En el camino, tuvo la mala suerte de encontrarse con un grupo de soldados que la “confundió ” con prostituta, la violó y la dejó tirada, media muerta, repleta de polvo.
Cuentan, que mi bisabuelo, un alemán que llegó a México quién sabe cómo y quién sabe porqué… la encontró y la “acepto así”, la cuido, la quiso bien (o lo mejor que pudo).
Nuestra nana, era indígena, de un pueblo originario de aquí de México, al que ahora llaman: los Mayos de Sonora o yoremes.
Mi mamá creció con ella, salvaje y feliz, proveída por la tierra, el río Mayo y el mar, acompañada de su hermano, de algunas gallinas y animales de granja, y una cabra, (nombró a la cabra aparte porque era especial, mi mamá solía jugar a montarla hasta que se cansaba de que la tumbara).
Yo no he olvidado que soy descendiente de un pueblo se mantienen en resistencia, de mujeres fuertes que tuvieron que aguantar lo inaguantable, de gente, que viene de muy lejos.
Yo no he olvidado, las manos de mi bisabuela, ni el sonido de las almejas y los ostiones brincando sobre el comal… ni el olor a café recién hecho.
Yo no he olvidado, que no pudieron arrebatarnos lo verdaderamente valioso… ni la dulzura de los ojos de mi abuelo el gachupín.
Tampoco, que en esta paradoja, nací blanca (tirándole a amarillo), y que mi lengua madre es el español… que tengo la fiereza de los que vivieron del mar, el cabello y las pestañas chinas, ni que fui consagrada al Sagrado Corazón de Jesús…
Sé, que no somos perros callejeros, ni despojos de la conquista…somos esa crucecita brillante en el innmenso tejido de la vida.
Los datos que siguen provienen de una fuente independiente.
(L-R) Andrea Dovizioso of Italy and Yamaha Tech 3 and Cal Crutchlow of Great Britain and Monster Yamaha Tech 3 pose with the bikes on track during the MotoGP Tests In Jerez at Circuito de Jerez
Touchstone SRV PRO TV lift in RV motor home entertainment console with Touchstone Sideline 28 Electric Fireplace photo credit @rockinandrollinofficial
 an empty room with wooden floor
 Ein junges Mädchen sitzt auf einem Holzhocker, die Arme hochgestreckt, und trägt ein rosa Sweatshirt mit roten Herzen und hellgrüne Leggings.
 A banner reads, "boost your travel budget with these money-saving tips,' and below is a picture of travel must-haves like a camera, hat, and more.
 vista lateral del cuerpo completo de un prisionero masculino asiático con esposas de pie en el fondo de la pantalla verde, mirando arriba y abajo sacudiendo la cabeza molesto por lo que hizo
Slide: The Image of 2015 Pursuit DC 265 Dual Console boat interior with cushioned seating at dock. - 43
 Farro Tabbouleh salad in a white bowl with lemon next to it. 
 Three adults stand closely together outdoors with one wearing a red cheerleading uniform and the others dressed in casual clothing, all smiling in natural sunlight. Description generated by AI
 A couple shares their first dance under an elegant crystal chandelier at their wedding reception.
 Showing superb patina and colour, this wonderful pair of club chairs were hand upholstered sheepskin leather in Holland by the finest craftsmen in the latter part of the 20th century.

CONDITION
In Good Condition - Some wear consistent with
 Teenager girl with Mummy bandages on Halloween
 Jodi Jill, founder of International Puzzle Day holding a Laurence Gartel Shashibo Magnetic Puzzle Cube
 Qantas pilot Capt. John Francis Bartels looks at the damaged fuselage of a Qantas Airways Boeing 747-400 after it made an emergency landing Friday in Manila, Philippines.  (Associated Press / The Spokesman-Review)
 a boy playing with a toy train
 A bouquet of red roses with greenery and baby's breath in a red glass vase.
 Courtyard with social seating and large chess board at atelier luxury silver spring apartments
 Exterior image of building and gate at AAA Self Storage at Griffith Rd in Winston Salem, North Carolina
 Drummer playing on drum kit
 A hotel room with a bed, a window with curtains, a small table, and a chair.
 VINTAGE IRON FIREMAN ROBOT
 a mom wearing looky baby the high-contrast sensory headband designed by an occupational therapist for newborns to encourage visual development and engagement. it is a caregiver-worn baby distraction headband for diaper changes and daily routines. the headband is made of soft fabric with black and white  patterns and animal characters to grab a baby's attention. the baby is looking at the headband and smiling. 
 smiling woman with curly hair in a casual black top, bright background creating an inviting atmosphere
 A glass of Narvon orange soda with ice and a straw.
El resplandor del sol, sobre el filo de aquella obsidiana, llamada poéticamente: lágrima de apache, aquella, que simboliza las estrellas, el luto, la desesperación… y también, el abismo sin fondo del hermoso corazón de la madre tierra; piedra, que facilita la unión con el cosmos, y se lleva cualquier dolor, cualquier tristeza…
Así es, soy de un pueblo, que viene de lejos.